On the heels of last week’s high-profile action in the US Senate on tax policies enacted by Presidents Bush and Obama, the US House of Representatives is voting today on multiple proposals designed to address the expiration of $4.5 trillion dollars in tax cuts in January 2013. At stake is the fairness of our tax system and the ability to achieve a balanced approach to the ongoing fiscal challenges our country faces, one that includes revenue.
There are three proposals that appear likely to be considered.
In voting on H.R. 15, the House will consider elimination of Bush-era tax breaks on incomes over $250,000 per year and the one year extension of tax breaks for families earning less than $250,000, a group making up 98% of North Carolinian taxpayers. In eliminating the tax breaks for the wealthiest 2% of Americans, the country will be better positioned to tackle our long-term fiscal challenges by saving nearly $1 trillion over the next decade.

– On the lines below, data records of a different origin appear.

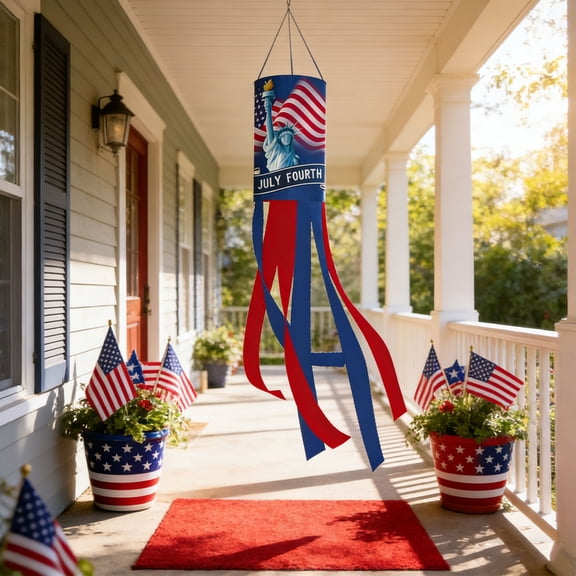 Independence Day Wind Spinner Flag Patriotic Outdoor Decoration American Flag Style Spinner for Yard Porch Hanging 39.37x5.91 Inches
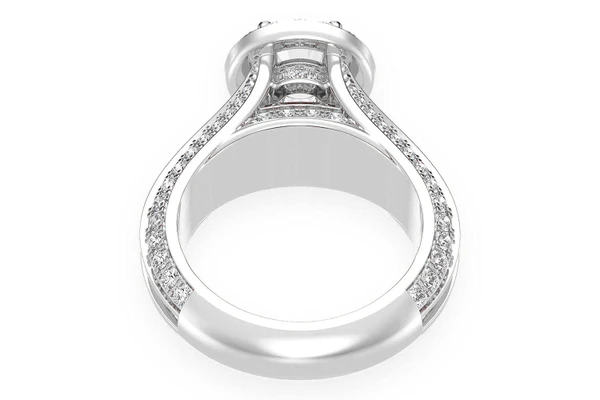 Monst - 1.00ct Round Solitaire - Halo Three Row - Diamond Engagement Ring - All Natural Vs Diamonds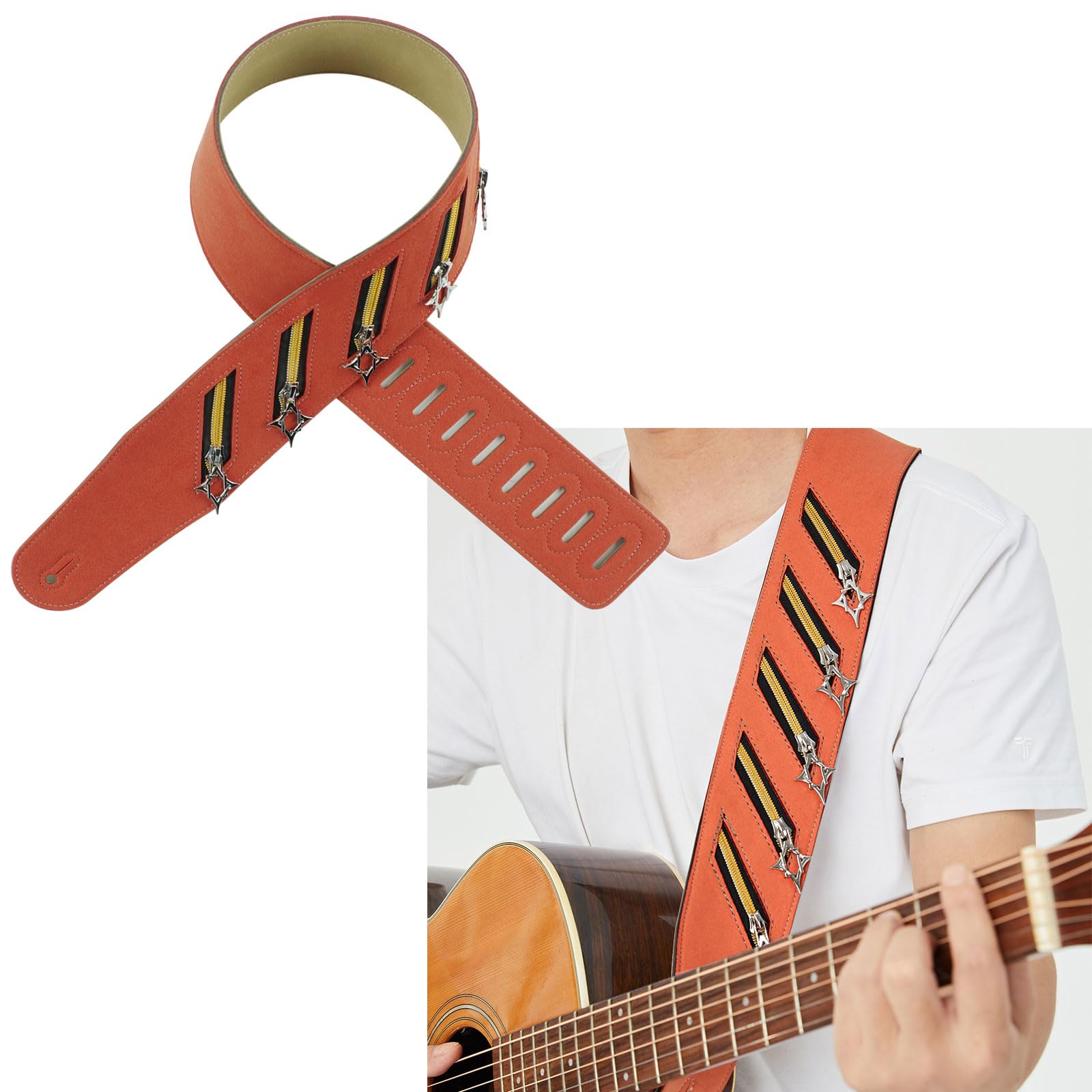 Correa de guitarra de hombro ancho con temática punk, decoración de tachuelas de metal de microfibra, longitud ajustable para mayor comodidad al tocar, correa de bajo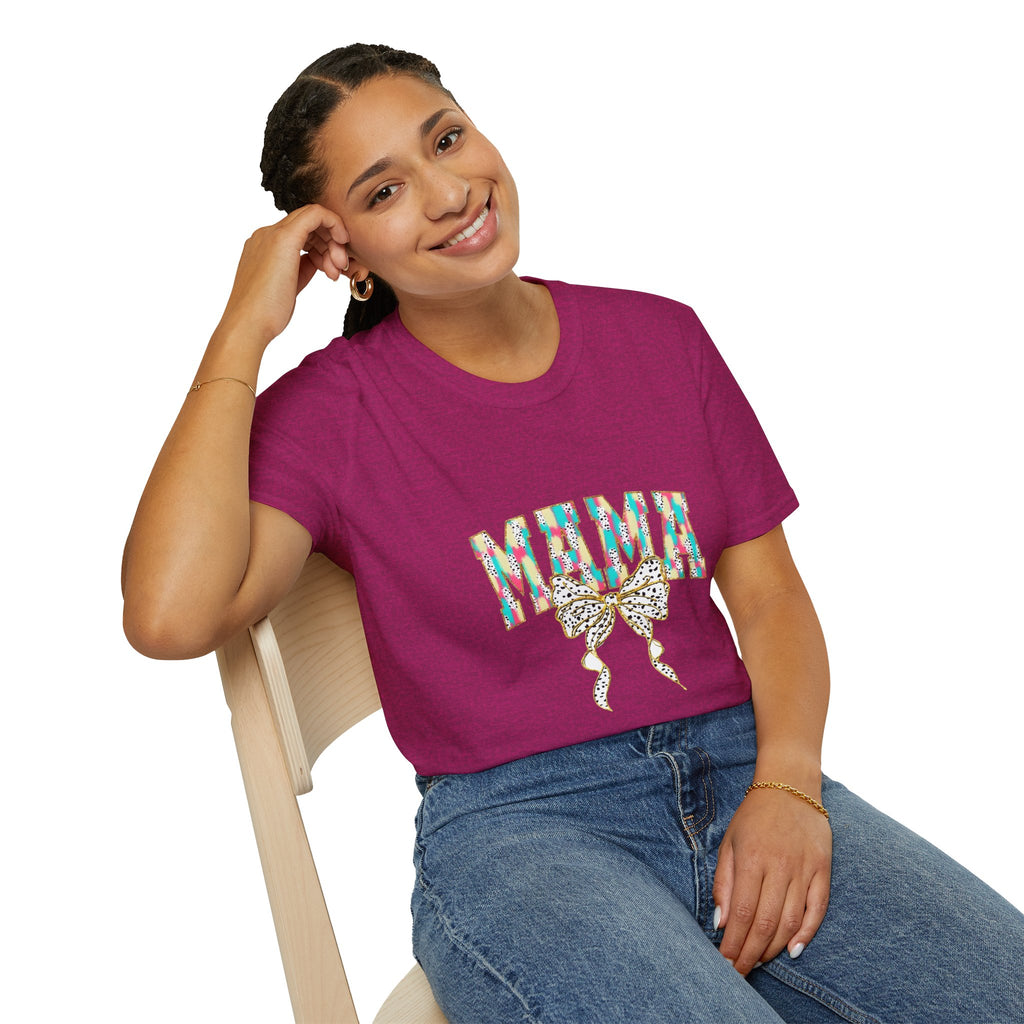 Mama Graphic Tee — Colorful Floral Leopard Bow Design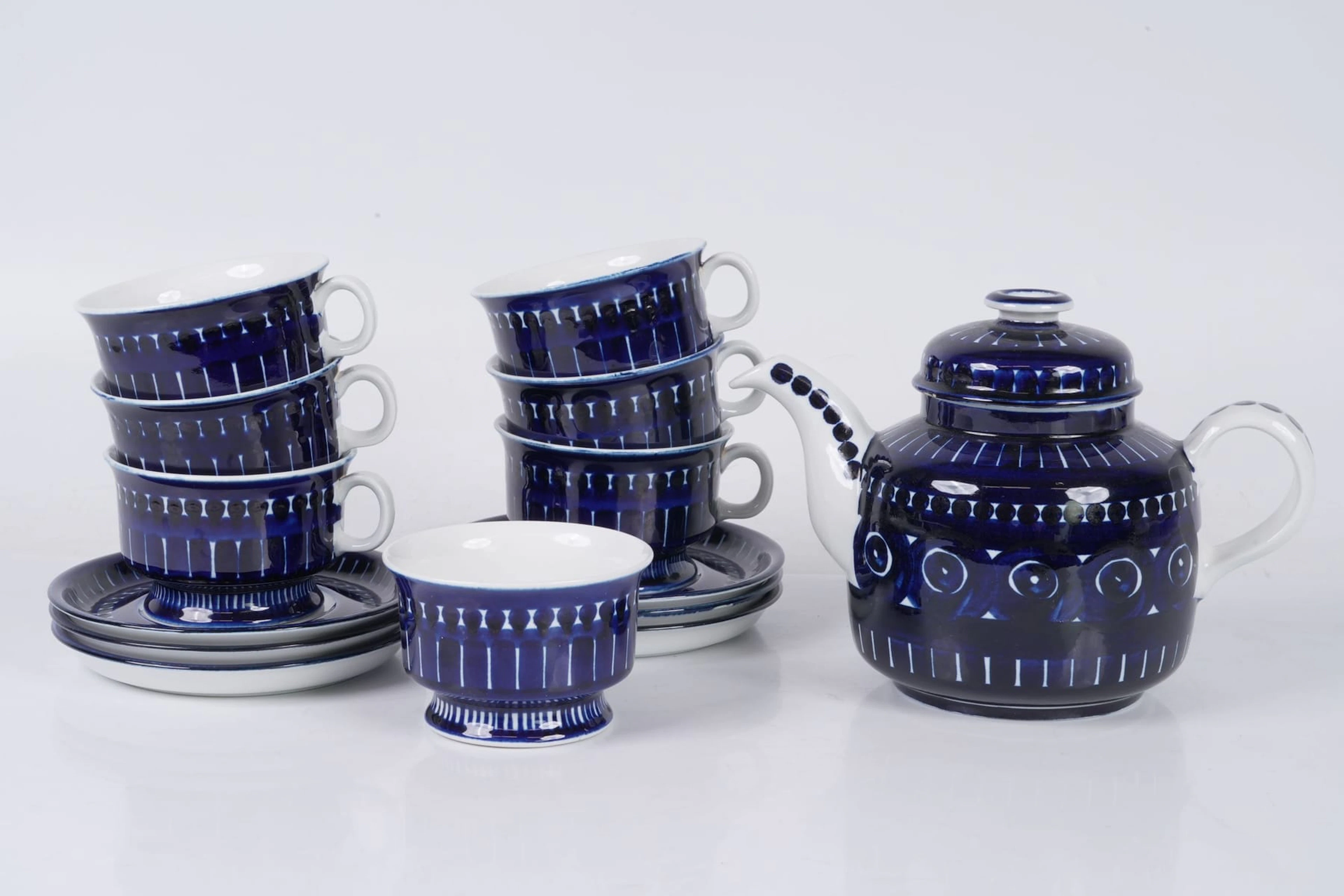 ULLA PROCOPÉ (1921-1968), tegods, 6 st, kanna samt sockerskål, "Valencia"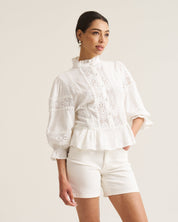 Linen Trim Blouse - White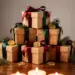 Pyramide aus individuellen Weihnachtsgeschenkboxen mit grünen und burgunderroten Bändern, Goldwachssiegeln und Tannenzweigen im Kerzenlicht.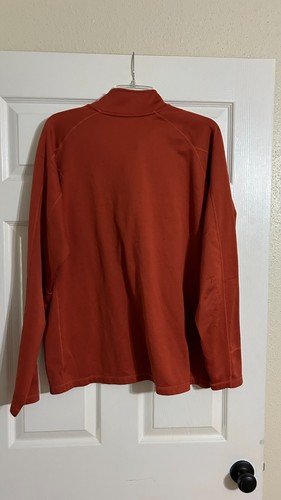 REI Men's Quarter Zip Orange Pullover Jacket Long Sleeve - Picture 3 of 4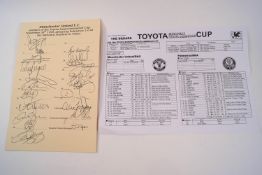 A Manchester United signed 1999 Cup sheet, winners of the Toyota Intercontinental Cup,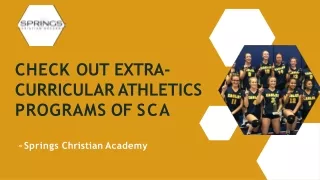 Check Out Extra- Curricular Athletics Programs of SCA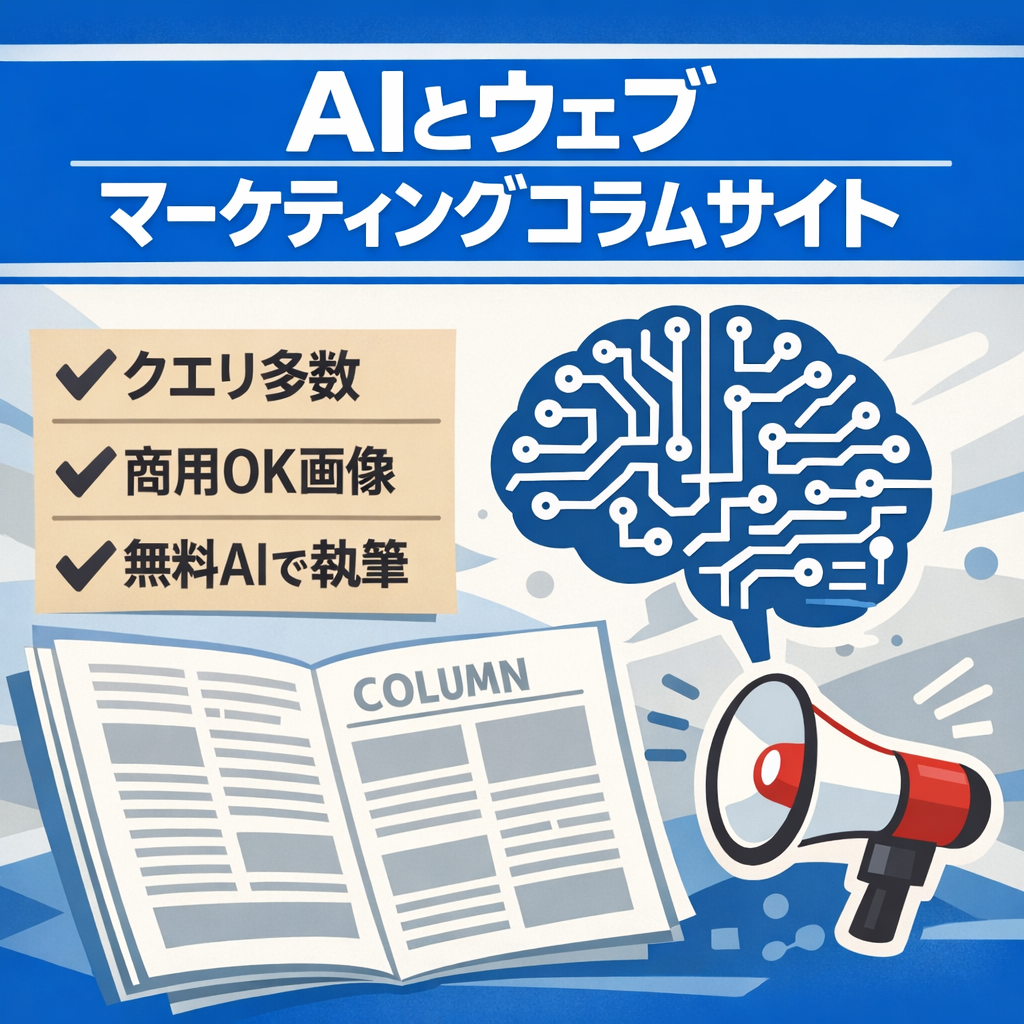 【クエリ多数】AI×WEBマーケティングの問題点をまとめた社会派コラム集【商用利用okの無料素材多数使用・購入後サポート応相談】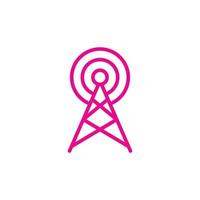 eps10 rosa Vektorsenderantenne oder Broadcast-Symbol isoliert auf weißem Hintergrund. Wi-Fi-Tower-Umrisssymbol in einem einfachen, flachen, trendigen, modernen Stil für Ihr Website-Design, Logo und mobile App vektor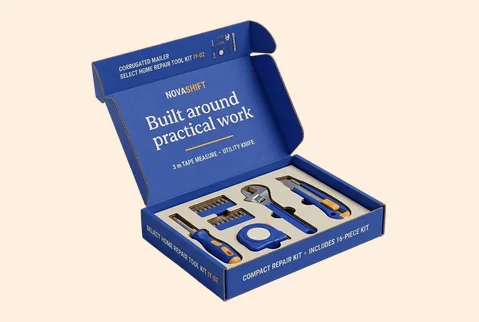 2 corrugated mailer tool kit box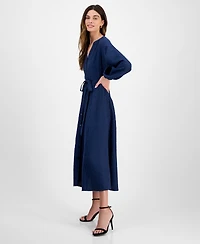 Robbie Bee Women's Gingham-Print Belted Shirtdress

Important as well are the extensions of key middle- and low-income income tax provisions signed into law by President Obama. This legislation would ensure that North Carolina’s working families will continue to receive Child Tax Credits worth more $800 per family, Earned Income Tax Credits (EITC) worth $500 per family, and the American Opportunity Credit, which assists millions of American college students. It is estimated that more than 500,000 families in North Carolina would benefit from the extension of the Child Tax Credit and EITC alone.
In contrast, however, the second plan under consideration by the House—H.R. 8—will extend for one year all of the Bush-era tax policies, including tax breaks for the top 2%those with incomes over $250,000. At the same time as it keeps in place tax cuts for the wealthiest Americans, this plan allows all of the tax credits for middle and low-income working families to expire, affecting 13 million Americans.
A third proposal, HR 6169, would provide for an expedited procedure for considering a revenue neutral tax reform legislation that flattens the federal personal income tax structure, reduces the corporate income tax, and purportedly attempts to pay for these tax reductions by closing various tax loopholes and eliminating tax expenditures. In practice, this may lead to deep tax reductions for high-income Americans and the elimination of important tax credits for millions of middle- and low-income Americans.
These upcoming votes will be critical in setting the stage for discussion of the fairness of our tax system and will have a significant impact on North Carolinians. To get back on track, it will be critical that Congress end the tax breaks for the wealthiest 2%.